Comment on Counterintuitive consequence of heating in strongly driven intrinsic junctions of Bi$_2$Sr$_2$CaCu$_2$O$_{8+\delta}$ mesas
V.M. Krasnov

TL;DR
This paper critically examines previous claims that self-heating causes conductance peaks at the critical temperature in Bi-2212 mesas, showing that these claims are invalid for various sizes and configurations of mesas.
Contribution
The paper refutes prior conclusions about heating effects in Bi-2212 mesas, demonstrating that the earlier extrapolations to smaller, well-thermally anchored mesas are incorrect.
Findings
Previous data do not support heating-induced conductance peaks at T_c
Extrapolations to small, well-anchored mesas are invalid
Identifies inconsistencies and misleading references in prior work
Abstract
In a recent paper [Phys.Rev.B 81, 224518 (2010)], C. Kurter et al, analyzed the effect of strong self-heating in large-area BiSrCaCuO (Bi-2212) mesa structures.
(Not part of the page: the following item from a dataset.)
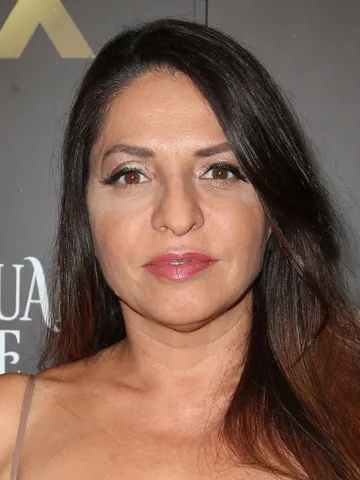 Why Women Kill Cast: Photo of Verónica Falcón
They conclude that conductance peaks in their mesas occur when mesas are heated to the superconducting critical temperature . Further on they extrapolate this statement for all mesas, including much smaller and much better thermally anchored mesas used in Intrinsic Tunnelling Spectroscopy (ITS). Here I show that their conclusion does not hold neither for previously reported data, nor even for their own mesas; the very remote extrapolation to ITS is invalid. I also point out a number of inconsistencies and misleading references.